Ma la sentenza di Como, secondo la presidente della Commissione regionale, rappresenta un messaggio chiaro al mondo politico locale. “La politica e le istituzioni – aggiunge – finora hanno minimizzato il problema, parlando di semplici episodi di bullismo. Ma credo che questa sentenza sia soprattutto un messaggio forte per le istituzioni, che deve insegnare a essere più cauti quando si fanno certe dichiarazioni pubbliche, ma anche a saper prendere una posizione più decisa, costituendosi ad esempio parte civile quando necessario“. Il riferimento al Comune di Cantù è chiaro: l’amministrazione di centrodestra alla guida della città, infatti, aveva parlato di episodi di “bullismo paramafioso”, scegliendo quindi di non costituirsi parte civile al processo contro i Morabito Boys, a differenza del ragazzo brutalmente pestato nel 2016 e “lasciato solo in aula”, evidenzia Forte.
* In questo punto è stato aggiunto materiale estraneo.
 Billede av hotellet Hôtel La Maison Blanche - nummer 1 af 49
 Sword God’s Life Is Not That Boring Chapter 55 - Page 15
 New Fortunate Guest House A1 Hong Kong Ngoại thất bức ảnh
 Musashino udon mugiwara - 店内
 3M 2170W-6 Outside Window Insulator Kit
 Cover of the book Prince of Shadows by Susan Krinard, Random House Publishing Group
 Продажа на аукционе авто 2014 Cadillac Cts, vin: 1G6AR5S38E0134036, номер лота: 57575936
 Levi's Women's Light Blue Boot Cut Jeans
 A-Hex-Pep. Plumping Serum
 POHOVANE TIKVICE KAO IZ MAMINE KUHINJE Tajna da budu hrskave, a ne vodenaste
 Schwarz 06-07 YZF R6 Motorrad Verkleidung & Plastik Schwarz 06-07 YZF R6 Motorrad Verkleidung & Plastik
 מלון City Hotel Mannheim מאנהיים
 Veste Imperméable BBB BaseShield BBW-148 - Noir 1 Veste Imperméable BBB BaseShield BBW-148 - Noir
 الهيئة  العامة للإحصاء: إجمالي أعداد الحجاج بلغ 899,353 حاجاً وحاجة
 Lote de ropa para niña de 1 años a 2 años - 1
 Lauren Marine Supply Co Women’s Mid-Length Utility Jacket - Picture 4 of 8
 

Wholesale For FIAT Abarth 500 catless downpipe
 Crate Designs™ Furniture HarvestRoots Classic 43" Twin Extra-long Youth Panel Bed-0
“La politica a sostegno dei cittadini”

Per Forte è quindi indispensabile una presa di posizione della politica ed è necessario “dichiarare che le istituzioni sono contro le mafie: ciò rappresenterebbe un messaggio positivo per la società civile, oltre che un segno concreto di sostegno ai cittadini“. Ma non solo: “Ritengo sia sempre più importante organizzare e investire in corsi rivolti alle amministrazioni locali, per facilitare l’individuazione e il riconoscimento di questi fenomeni”.

L’uso della violenza

Altro aspetto importante emerso dal processo di Como, argomenta la presidente dell’Antimafia, è l’uso della violenza da parte delle ‘ndrine. “La linea difensiva di Morabito (Giuseppe, ritenuto il capo dell’organizzazione e condannato a 18 anni di reclusione ndr) ha puntato molto sulla stereotipizzazione della ‘ndrangheta, vista solo come la mafia dei colletti bianchi. Questa sentenza – continua – dimostra invece come si tratti di falsi stereotipi, perché non c’è solo la mafia interessata all’alta finanza, ma anche quella che all’occorrenza, quando serve, usa pestaggi e violenze“.

“Campione d’Italia a rischio infilitrazione”: l’allarme

Ma i tentacoli della ‘ndrangheta, nel Comasco, non si fermano solo a Cantù. “In quel territorio bisogna prestare molta attenzione anche alla situazione di Campione d’Italia, dove il rischio di infiltrazioni mafiose è molto alto”, rivela Forte. La cittadina vive una gravissima crisi dovuta al dissesto finanziario dell’ente, provocato dal fallimento del celebre casinò, che con il suo indotto rappresentava la principale risorsa economica dell’enclave italo-svizzera. “Bisogna tenere alta la guardia – conclude Forte – perché a Campione stanno venendo meno anche i servizi pubblici essenziali e sono proprio le situazioni più disagiate quelle preferite dai clan. Io, personalmente, ho ricevuto alcune segnalazioni di personaggi poco limpidi che si sono offerti per la riqualificazione del paese e mi risulta che, nonostante a maggio ci saranno le elezioni (comunali ndr), al momento non ci sia ancora nessun candidato sindaco“. Un po’ come a San Luca o Platì.